__Work item__. For this exercise, reproduce only the lines from the one holding "1819 Indian Creek" through the final line of the data below, exactly, and omit pictures.

__Source information__.
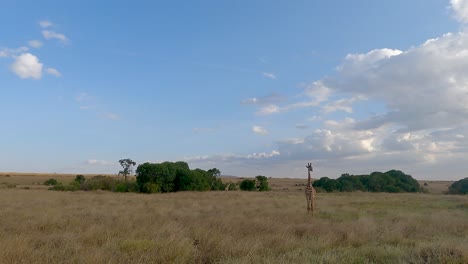 masai giraffe isolated in savannah of maasai mara national reserve, kenya, east africa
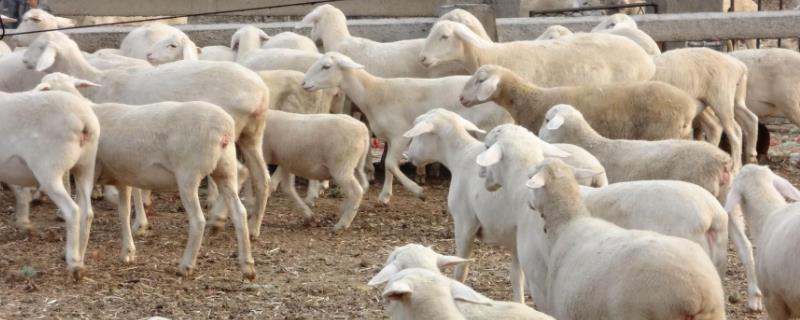 湖羊养殖成本利润分析,适合养殖在什么地方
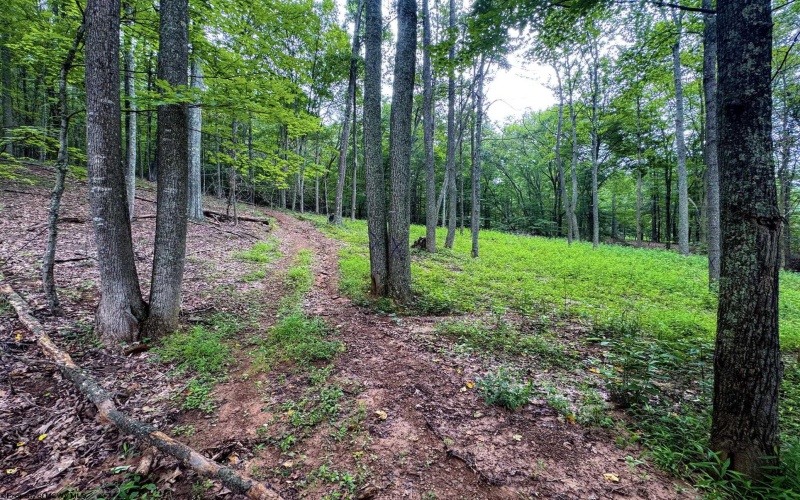 1819 Indian Creek Road, Alma, West Virginia 26320, 1 Bedroom Bedrooms, 5 Rooms Rooms,1 BathroomBathrooms,Single Family Detached,For Sale,Indian Creek,10158256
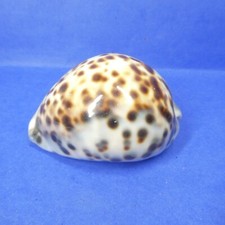 Cypraea tigris seashell for sale  Bremerton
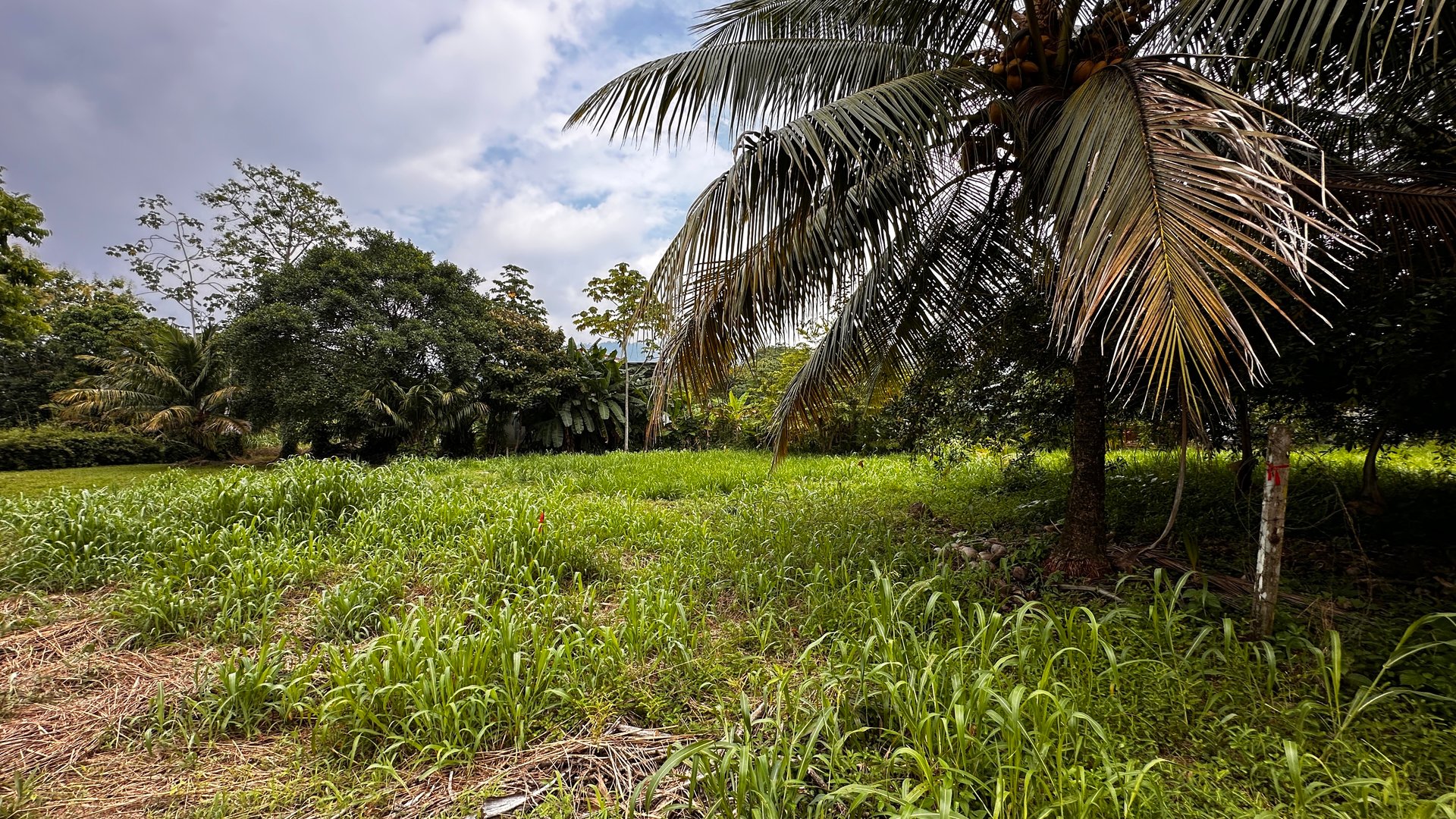 Beach Area Lot in Quiet Corner on Uvita Bahia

__Solution to the exercise__.
 1819 Indian Creek Road, Alma, West Virginia 26320, 1 Bedroom Bedrooms, 5 Rooms Rooms,1 BathroomBathrooms,Single Family Detached,For Sale,Indian Creek,10158256
 Cypraea tigris seashell for sale  Bremerton
 Beach Area Lot in Quiet Corner on Uvita Bahia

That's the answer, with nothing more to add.